Interior Design 101
Whether it’s an apartment you’re renting or a home you’ve purchased, designing your space can be incredibly exciting yet equally overwhelming. Where do you start? What do you buy? How much will it cost? You have this vision in your head of how you want everything to look but you have no idea how to make it happen in real life. Guess what… Albie knows (see what I did there, lol).
What's supposed to be a fun & inspiring experience can easily and quickly turn into an anxiety attack in the making. But I don't say any of this to scare you -- actually the opposite. So often armed with their Pinterest boards & favorite HGTV episodes, people dive head first into designing & decorating their space. No plan. No strategy. And that's where things can go really wrong, really fast.
Here are some super easy and super practical first steps you can take to set the foundation for designing your space.
1. Have a Plan.
Before you can do anything, you have to know your “5 Ws + H”…

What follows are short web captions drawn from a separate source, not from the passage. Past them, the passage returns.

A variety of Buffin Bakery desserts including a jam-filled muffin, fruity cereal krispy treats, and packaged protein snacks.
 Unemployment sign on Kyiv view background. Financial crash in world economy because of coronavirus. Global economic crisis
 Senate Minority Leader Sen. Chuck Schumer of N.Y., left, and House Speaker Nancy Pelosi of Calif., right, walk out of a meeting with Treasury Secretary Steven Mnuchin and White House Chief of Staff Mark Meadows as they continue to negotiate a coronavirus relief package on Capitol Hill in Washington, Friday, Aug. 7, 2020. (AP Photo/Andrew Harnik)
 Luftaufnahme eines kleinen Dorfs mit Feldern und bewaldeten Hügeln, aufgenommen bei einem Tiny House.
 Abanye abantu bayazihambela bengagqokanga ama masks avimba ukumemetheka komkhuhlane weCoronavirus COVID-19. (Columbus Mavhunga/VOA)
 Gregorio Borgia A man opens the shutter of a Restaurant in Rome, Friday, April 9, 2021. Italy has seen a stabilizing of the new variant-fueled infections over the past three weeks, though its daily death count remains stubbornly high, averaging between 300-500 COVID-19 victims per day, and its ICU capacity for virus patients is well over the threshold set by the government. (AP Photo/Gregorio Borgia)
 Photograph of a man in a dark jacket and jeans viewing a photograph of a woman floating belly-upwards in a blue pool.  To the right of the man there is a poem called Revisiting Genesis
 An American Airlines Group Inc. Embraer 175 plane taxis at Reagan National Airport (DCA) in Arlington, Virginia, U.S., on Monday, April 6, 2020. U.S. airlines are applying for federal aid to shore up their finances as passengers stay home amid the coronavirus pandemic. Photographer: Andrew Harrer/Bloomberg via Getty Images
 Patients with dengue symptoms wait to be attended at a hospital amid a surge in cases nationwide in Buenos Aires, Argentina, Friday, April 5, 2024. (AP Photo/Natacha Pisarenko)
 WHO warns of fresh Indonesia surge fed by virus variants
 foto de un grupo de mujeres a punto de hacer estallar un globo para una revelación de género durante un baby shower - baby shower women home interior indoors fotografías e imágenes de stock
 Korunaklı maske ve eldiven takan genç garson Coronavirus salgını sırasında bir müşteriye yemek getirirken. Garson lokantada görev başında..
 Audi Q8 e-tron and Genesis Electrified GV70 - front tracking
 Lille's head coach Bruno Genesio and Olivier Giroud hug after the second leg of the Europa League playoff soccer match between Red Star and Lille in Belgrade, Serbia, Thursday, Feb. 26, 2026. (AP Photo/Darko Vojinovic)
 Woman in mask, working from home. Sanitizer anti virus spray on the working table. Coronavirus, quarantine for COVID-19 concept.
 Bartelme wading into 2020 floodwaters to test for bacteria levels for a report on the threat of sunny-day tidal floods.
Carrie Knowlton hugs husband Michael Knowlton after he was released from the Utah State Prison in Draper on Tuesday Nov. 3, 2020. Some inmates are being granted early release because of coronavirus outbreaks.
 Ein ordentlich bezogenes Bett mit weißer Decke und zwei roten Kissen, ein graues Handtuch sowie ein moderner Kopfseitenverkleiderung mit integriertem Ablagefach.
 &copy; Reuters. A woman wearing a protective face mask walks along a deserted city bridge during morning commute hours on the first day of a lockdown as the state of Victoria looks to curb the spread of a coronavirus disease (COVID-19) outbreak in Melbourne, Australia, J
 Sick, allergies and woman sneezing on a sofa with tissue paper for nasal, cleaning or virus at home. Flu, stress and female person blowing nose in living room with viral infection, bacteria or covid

– Why: think about what’s motivating this change
– Where: if you have multiple rooms (or the whole house) in mind, prioritize spaces
– When: having a schedule keeps everything organized and on track, especially in a large redesign; but you’ll also need to be flexible for any unexpected surprises
– What: you need to have a vision (and a realistic budget) so you’re not just shopping haphazardly
– Who: this means designers, contractors, plumbers, electricians, etc; research & choose wisely because not only do you want professional work, you also want a team that’ll execute your vision
– How: whether you’re a diy’er or you’d rather have a designer spearhead the whole thing, you need to decide early what your role will be
2. Find Your Style.
Everyone thinks they know what their style is & get fixated on that, convinced that’s what they want…until they get it.
– Look for inspiration. Design blogs, magazines, Pinterest, Instagram… all great places to start really nailing down your likes and dislikes.
– Know Your Space. Having a sense of your design style is futile if you don’t know the space you’re working with. This means taking measurements of everything — including your entryway. How unfortunate would it be if your dream sofa couldn’t even make it through the front door? Knowing your space also means taking into account lighting & architectural features.
– Choose your palette. Knowing your space is critical to choosing the right color palette. In addition to setting the tone, the colors you choose will ultimately define the space. For example, large rooms can be made to feel smaller and cozier if you paint them in warm, bright colors; whereas if you want to make a smaller room feel bigger you’d choose cooler, lighter shades. Once you choose a warm or cool palette, introduce new hues by way of accessories & commitment free items.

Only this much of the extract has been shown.